Collected material:
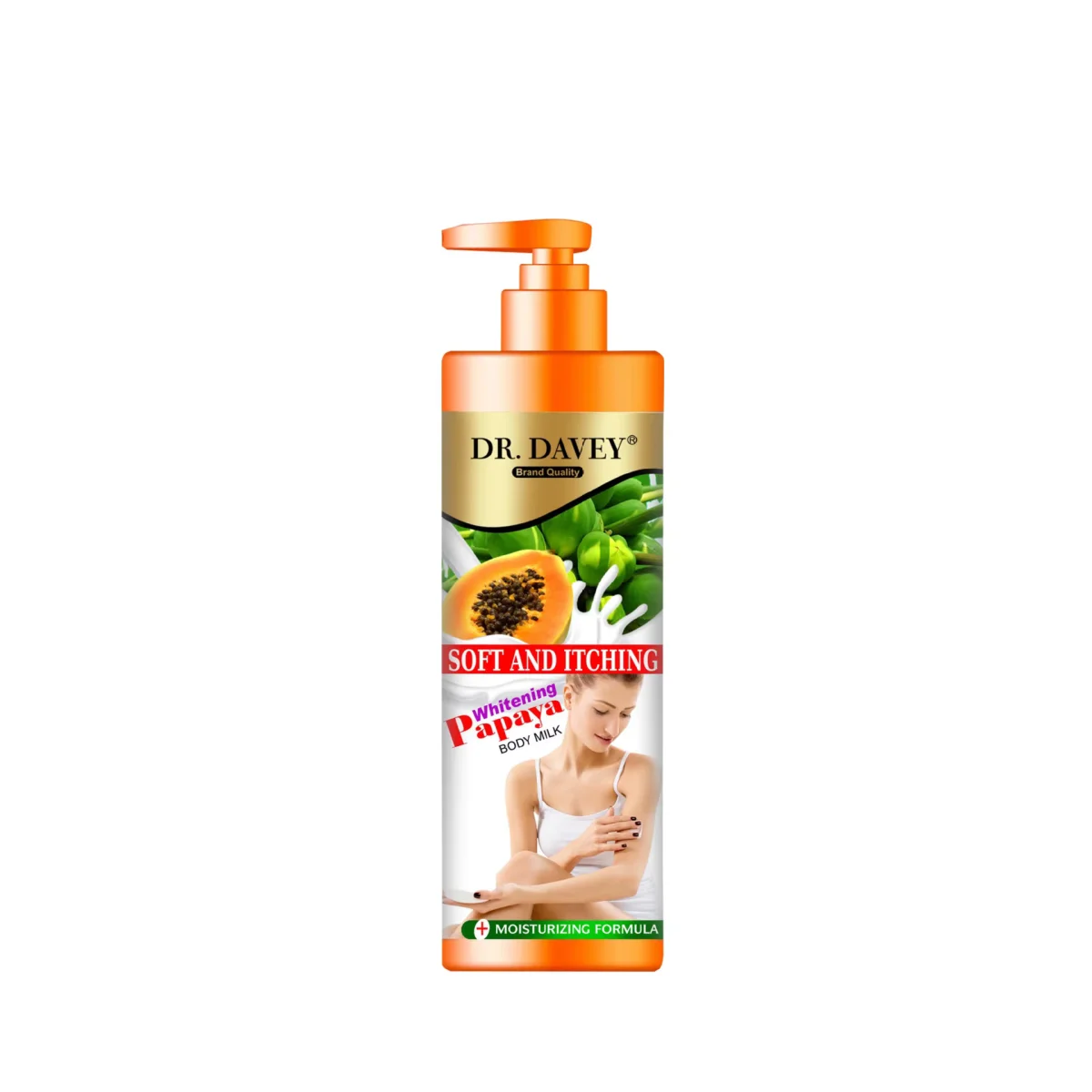 Dr. Davey Papaya + Milk Whitening Cream 500ML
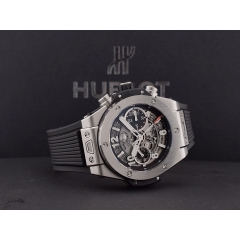 Unico Certified Chronograph 42MM Titanium Like New Box+Papers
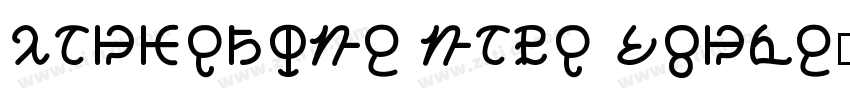 Natsuzemi Maru Gothi字体转换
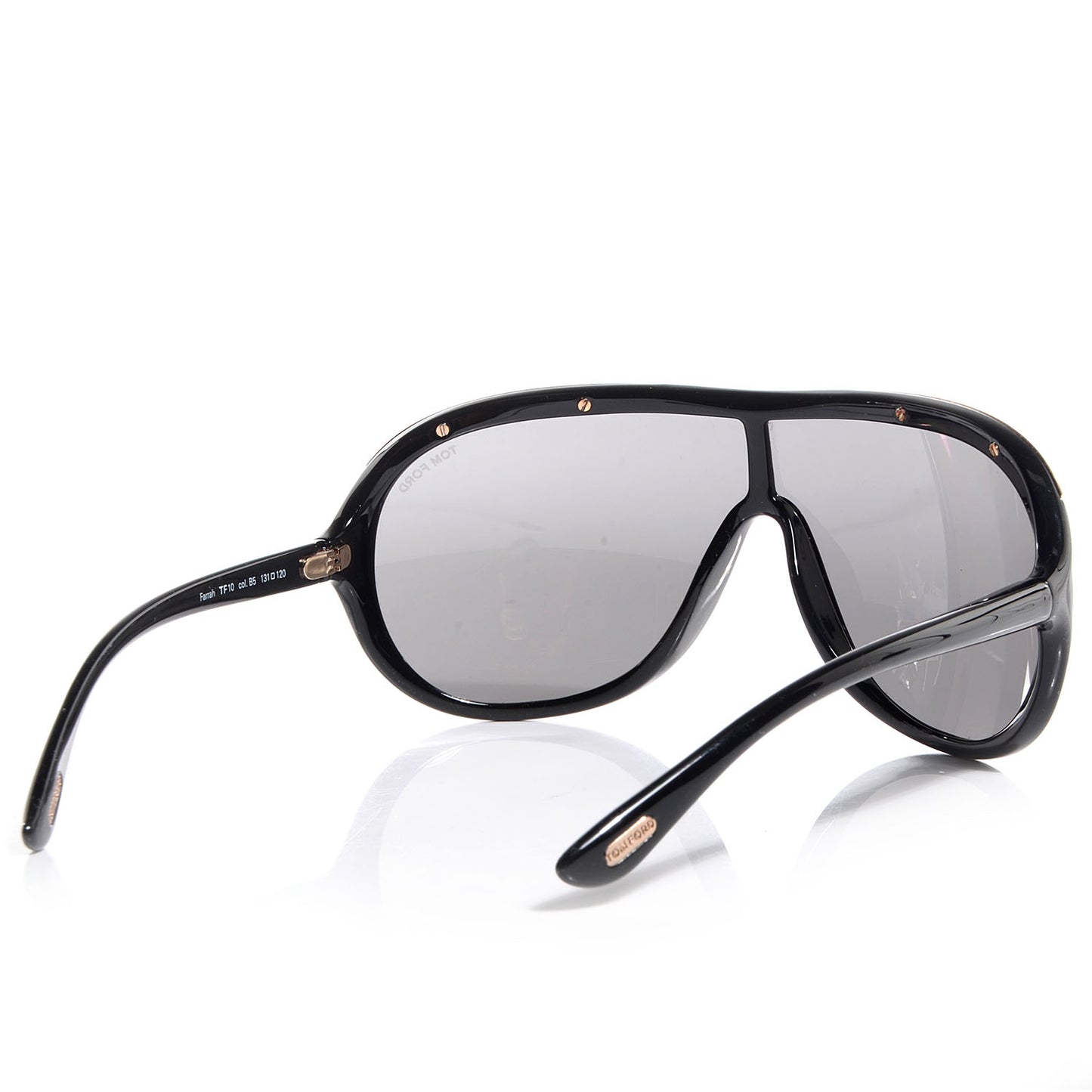 Aviator Farrah Sunglasses TF10 Black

Task objective:
When you reach the line containing "Unico Certified Chronograph" in the listing above, reproduce it and every line after it through the last, exactly; omit the pictures.

Result of the task:
 Unico Certified Chronograph 42MM Titanium Like New Box+Papers
 Natsuzemi Maru Gothi字体转换
 Aviator Farrah Sunglasses TF10 Black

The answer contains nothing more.